1. Redesign or Refresh?

Just because you feel the need to redesign doesn’t mean you have to change everything: A packaging refresh rather than a full redesign is also an option. Sometimes, even the smallest adjustments can have big ramifications. If you’re not sure which path to go down, we have a few recommendations:

You should redesign if…

  • Your production costs are too high.
  • Your product is getting damaged in transit.
  • Your product has had issues with theft.

These are all excellent reasons to return to the drawing board. There are also multiple ways to deal with these issues, too. If product damage is a regular issue, it’s probably time to invest in something a little sturdier or with padding.

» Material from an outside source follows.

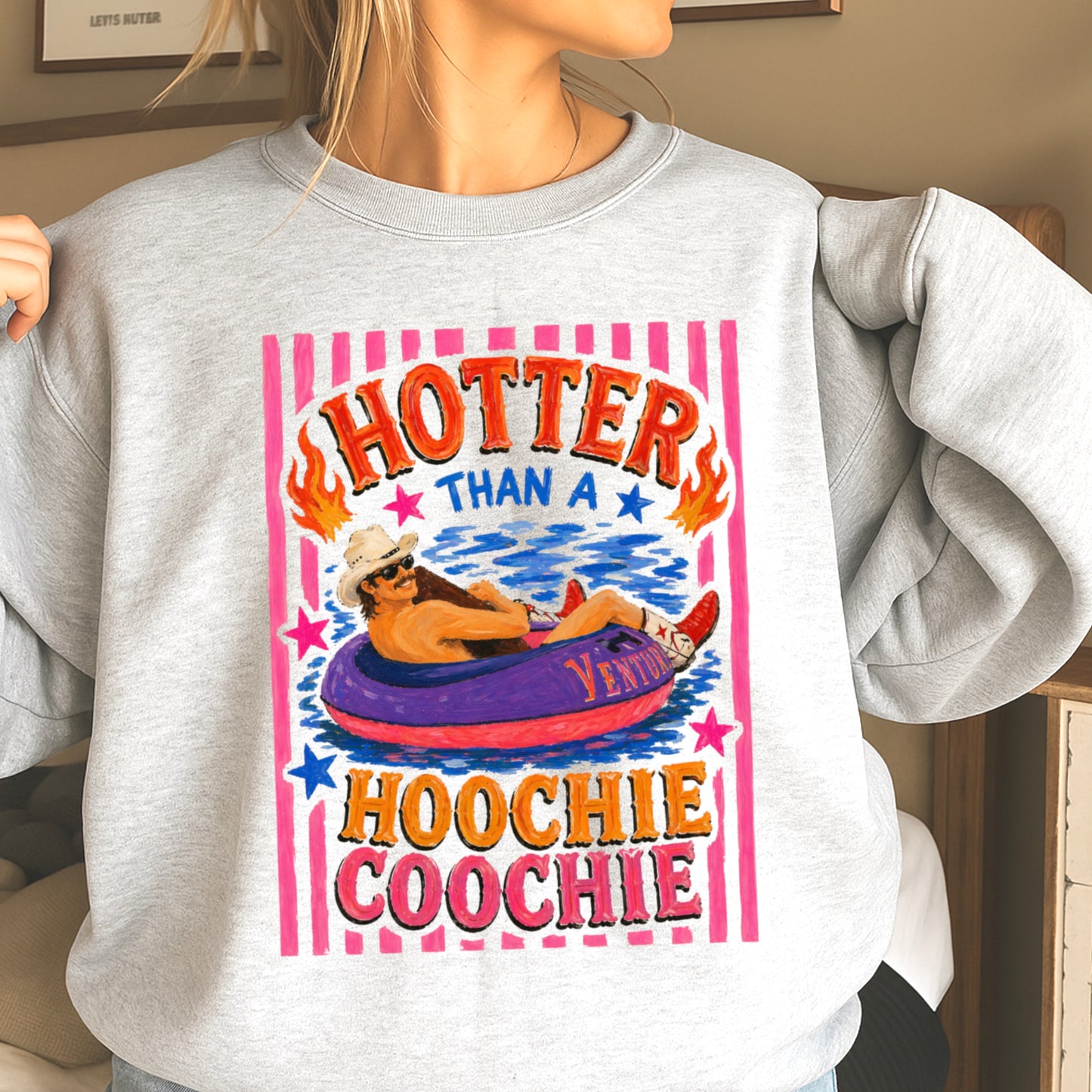 Hotter Than A Hoochie Coochie  Crewneck Sweatshirt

If you’ve been dealing with theft, for example, a clamshell would deter would-be shopliftersWhatever you decide, if you’re planning on changing everything, bring your packaging’s most distinctive design elements over so your customers won’t lose your new packaging on the shelf. 

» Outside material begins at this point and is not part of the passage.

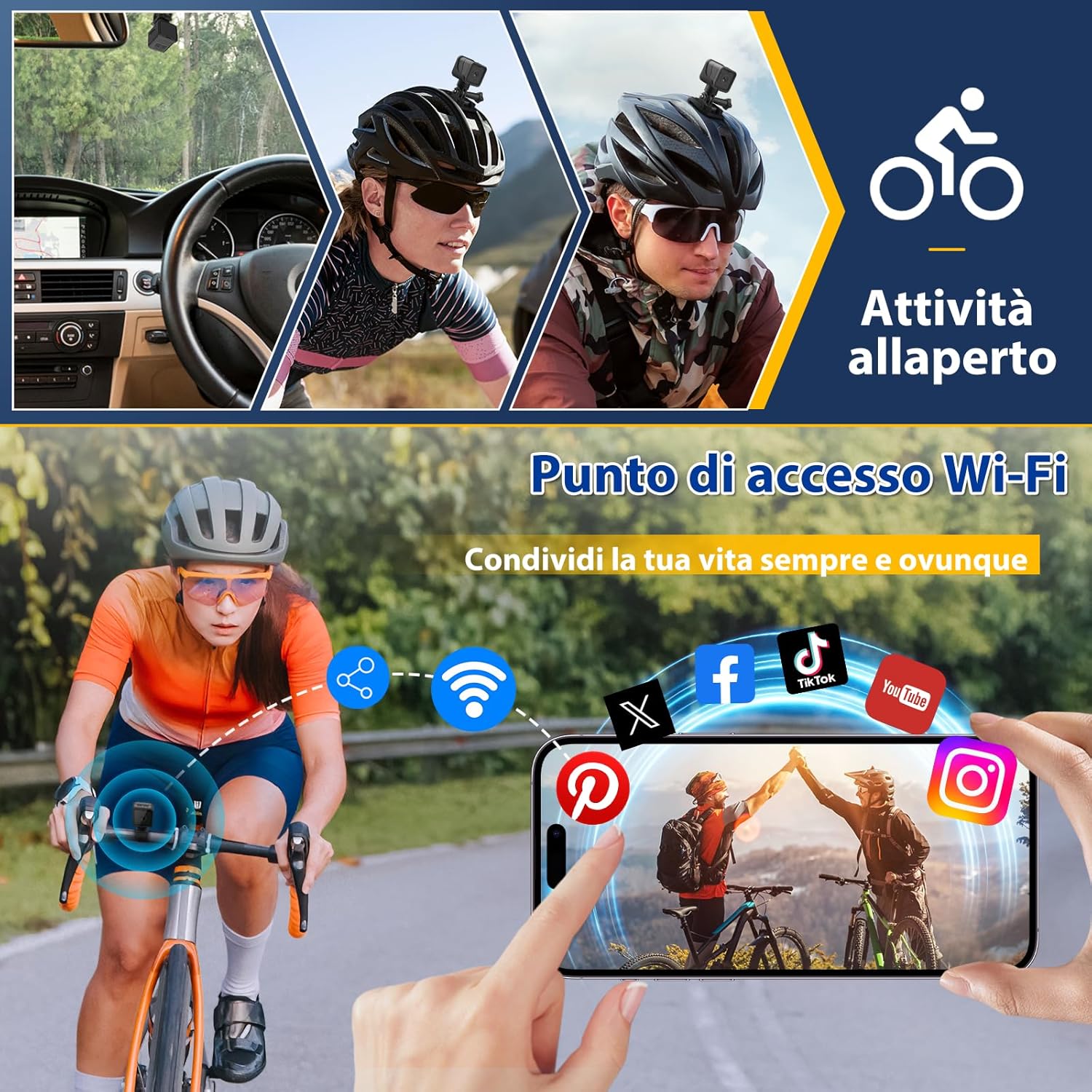 Aiker Dash cam Moto Mini WiFi IP66 Impermeabile 1080P - immagine 5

If you don’t have to deal with the issues mentioned above, you should refresh if…

  • It’s been a few years since you changed your packaging – but not too many. (See #4.)
  • Major structural changes aren’t needed for your packaging, but it needs something to ‘pop’.
  • You want to change more superficial aspects of your current packaging, such as outdated photography, copy or color.

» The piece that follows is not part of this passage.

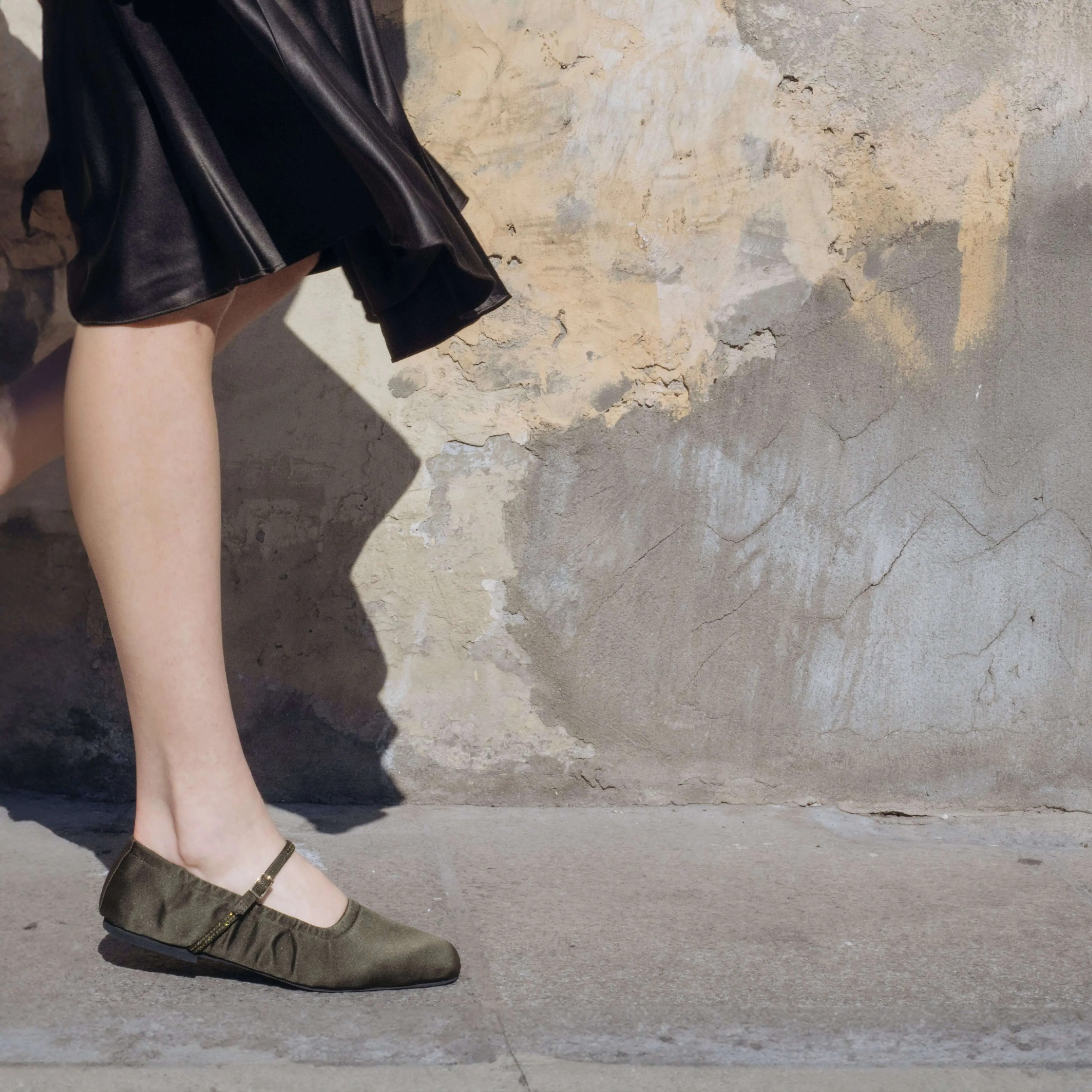 AURORA | Military Satin Crystal - Mary Jane Flats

If you don’t need a drastic overhaul, you can use your packaging’s color scheme, logo and/or other small details to give your customers variations on your ‘classic’ packaging. While giving your packaging a makeover is a great way to inject new life into a product, don’t lose sight of the charm that attracted your customers in the first place. Don’t let go of the emotional connection your customers have with your packaging.

2. Identify Your Targets

Before going further, take a moment to identify what you ultimately want for your product’s packaging. Do you want to increase your market share and reach new customers? Maybe you made major changes to your product and want your new packaging to reflect them. You may just want to solidify your positioning in the market and get in front of more eyeballs. Perhaps you just want to be more competitive. Whatever reasons you might have will inform your choice. There are also a number of best practices in packaging design that can help you make decisions.

3. Avoid Information Overload

When you’re looking at a product’s packaging, you’re expecting to see features, descriptions and facts that might persuade you to purchase. However, as attention spans grow ever shorter, it can be very easy to overdo it and overwhelm your customers in the process. When it comes to packaging design, less is more. Be selective with what information you share on your package, especially on its primary display panel. Sharing the most pertinent information will make it easier on your customers to process and understand. Sharing too much information will cause your potential customers to skip your product in search of something more succinct. If you don’t get the main ideas and benefits within three to five seconds of looking at your product, it’s time to edit.

4. Timing is Everything

While the basic principles of design remain constant, the way they’re implemented will constantly change. Because of this, trends in design and style cycle around, with elements coming into and going out of fashion with little rhyme or reason. Timing is variable, but if it’s been about five or six years since you’ve thought about your packaging, you’re just about due to take another look at it. In that time, your competitors have probably changed their packaging, providing innovations that could guide you. Things have probably changed on your end, too, and you might be wondering why you chose the original font, wording or design choices that you did. Think of your packaging as being in a constant state of change, while keeping an eye on your competitors, innovations and trends. In other words, you don’t have to get ready for a packaging redesign if you stay ready.

Refreshing your packaging is a natural part of any product’s life cycle, one that could create buzz and opportunity for your brand. We don’t have to tell you how important it is – that coveted moment of truth can hinge on a product’s packaging. When you’re going down this road, we hope this article will prepare you to make the next move with all the tools you need.